Bouler did not pose "a threat of death or physical injury" to any officers or others at the scene, had no history of violence and had never been arrested for any reason, the suit says.

Gary police had no probable cause to believe Bouler posed a threat of serious physical harm to police or others, and it was unnecessary to use deadly force to prevent him from escaping because he had not committed a crime, according to the lawsuit.

"Gary police officers did not give Mr. Bouler any warning about the possible use of deadly force before they opened fire on him," the suit alleges.

The officers did not attempt to determine if Bouler could hear their commands, nor did they elect to use other nonlethal means available to them to protect themselves or de-escalate the situation, the suit says.

Bouler was taken to Methodist Hospitals Northlake Campus in Gary and later transferred to University of Chicago Medical Center. He never returned home after the shooting, the suit says.

Bouler family attorneys pointed to the police-involved shootings of 25-year-old Rashad Cunningham in August 2019 and 15-year-old Ke-Monte Cobbs in August 2017 as evidence the city "did not have appropriate policies, training and other safeguards in place to protect its citizens from the unlawful and unconstitutional use of deadly force."

The Lake County prosecutor's office said in November it would not pursue criminal charges against Gary Officer Isiah Price III for Cunningham's homicide.

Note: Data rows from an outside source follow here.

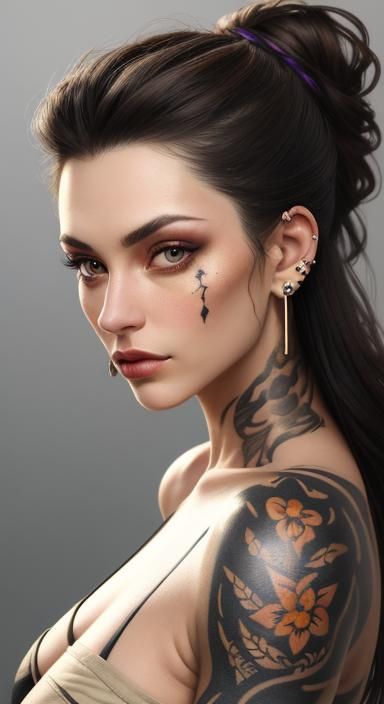 Brunette with Piercings: Vibrant Oil Portrait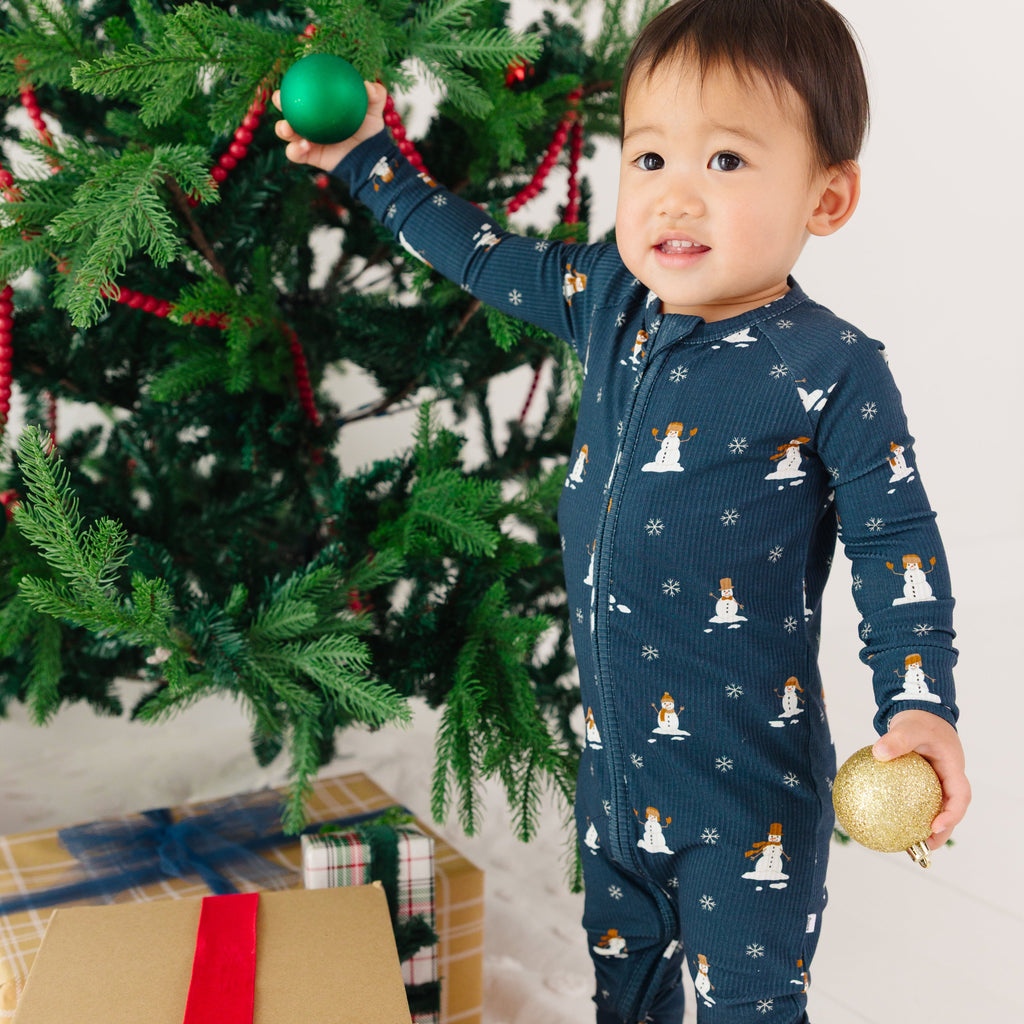 Snowmen Small Ribbed Zip Romper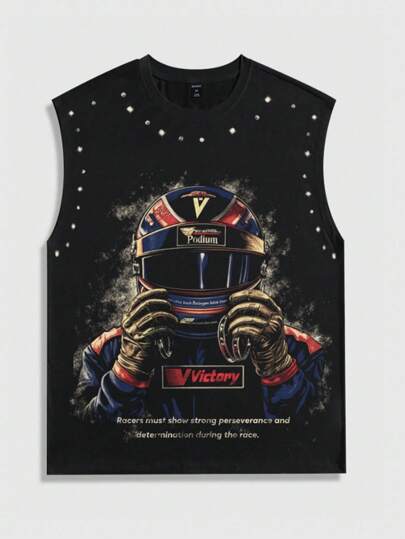 Street Life Canotta casual estiva con stampa grafica per ragazzi adolescenti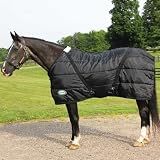 Country Pride Sentinel Channel Quilt Horse Stable Blanket, Midweight Open Front, 420D Nylon Outer Shell, 250g Poly-Fill Insulation, Wither Protection, Adjustable Leg Straps, Bias Surcingle (74,Black)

A "thorough and extensive review of the evidence" did not produce evidence sufficient to disprove Price's claim that deadly force was reasonable, Carter said.

The families of Cunningham and Cobbs also have sued Gary and its police officers. Those lawsuits remain pending in federal court.

* Editor's note: This story has been updated to show Melvin Bouler was shot by Gary police Nov. 17, 2019. The Bouler family's lawsuit incorrectly lists Nov. 7 at the date of the shooting. The Times regrets the error.